Pour traduire les panneaux – mais aussi les menus des restaurants, voire les conversations et les différents échanges avec les gens –, l’appli Papago se révèle très performante. Le réseau du métro est très dense, rapide et économique, mais, étrangement, les machines à tickets n’acceptent pas la Visa Premier.
Profil express
- Séoul et ses 10 millions d’habitants intra-muros (23,6 pour l’agglomération) vivent sur une superficie grande comme six fois Paris. La ville est divisée en arrondissements (gu ; par exemple : Gangnam-gu), eux-mêmes divisés en quartiers (dong ; par exemple : Apgujeong-dong), lesquels sont traversés de boulevards (daero), d’avenues (ro) et de rues (gil). Celles-ci sont souvent numérotées en fonction de l’avenue la plus proche (ex. : Apgujeong-ro 60-gil est la 60e rue à proximité de l’avenue Apgujeong).
- Le nom Séoul, ville principale de la péninsule coréenne depuis l’Antiquité, viendrait du mot ancien seobeol, « ville capitale ».

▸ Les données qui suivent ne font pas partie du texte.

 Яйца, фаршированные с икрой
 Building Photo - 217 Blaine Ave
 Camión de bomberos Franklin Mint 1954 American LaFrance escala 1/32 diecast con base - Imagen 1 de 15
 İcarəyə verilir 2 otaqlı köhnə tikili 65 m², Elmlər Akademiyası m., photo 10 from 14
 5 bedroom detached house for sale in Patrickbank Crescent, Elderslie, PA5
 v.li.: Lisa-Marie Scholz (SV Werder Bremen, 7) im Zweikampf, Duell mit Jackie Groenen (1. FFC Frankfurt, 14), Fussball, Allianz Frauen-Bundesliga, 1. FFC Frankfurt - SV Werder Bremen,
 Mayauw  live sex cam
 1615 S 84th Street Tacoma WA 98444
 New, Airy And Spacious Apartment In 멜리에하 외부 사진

- De 1950 à 1953, la guerre de Corée, qui a abouti à la partition du pays, a fortement mis à mal Séoul – près de 200 000 bâtiments auraient été détruits. Reconstruite et réindustrialisée avec l’aide des États-Unis, Séoul a connu un boom immobilier qui a culminé dans les années 80.

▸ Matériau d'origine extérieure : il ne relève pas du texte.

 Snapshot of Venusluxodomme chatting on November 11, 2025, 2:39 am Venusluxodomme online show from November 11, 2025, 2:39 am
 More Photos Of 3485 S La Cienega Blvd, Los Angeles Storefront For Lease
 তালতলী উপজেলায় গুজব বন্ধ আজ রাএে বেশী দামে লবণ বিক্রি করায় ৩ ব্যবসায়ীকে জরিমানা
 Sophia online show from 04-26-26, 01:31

- Parmi les Coréens qui ont une religion (44 %), 35 % sont bouddhistes, 45 % sont protestants, 18 % sont catholiques, le reste pratiquant le chamanisme et un peu l’islam.
Balades
- Sur la montagne Inwang, l’ancienne muraille de Séoul, les forêts de pins et les vues incroyables sur la ville valent le détour.

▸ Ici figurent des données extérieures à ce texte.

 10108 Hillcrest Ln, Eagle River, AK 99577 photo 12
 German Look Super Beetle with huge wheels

- La montagne Nam, plus fréquentée, est le lieu de respiration des Séouliens, qui raffolent de ses sentiers bien balisés, bien entretenus et de sa végétation luxuriante. À noter : un téléphérique est disponible pour ceux qui ne marchent pas. La N Seoul Tower, à son sommet, promet, elle aussi, des vues affolantes.
- Quelques quartiers centraux peu touristiques comme Huam, Jung ou Wonhyo méritent qu’on les arpente pour leurs petits marchés, leurs ruelles en pente et leurs maisonnettes en rangs serrés aux toits bleus ou rouges. Les vieux quartiers de hanok (maisons traditionnelles) comme Bukchon et surtout Seochon (moins bondé) méritent absolument la balade.
- Les palais royaux construits sous la dynastie Joseon (1392-1897), comme Gyeongbokgung ou Changdeokgung, avec leurs jardins secrets et leurs couleurs fastes, sont immanquables.
À lire
- Créatures du petit pays, de Juhea Kim (sur Séoul durant les Années folles).
- À propos de ma fille, de Kim Hye-jin (sur les pesanteurs familiales séouliennes).
- Tous les livres de Hye-young Pyun, maîtresse du polar métaphysique.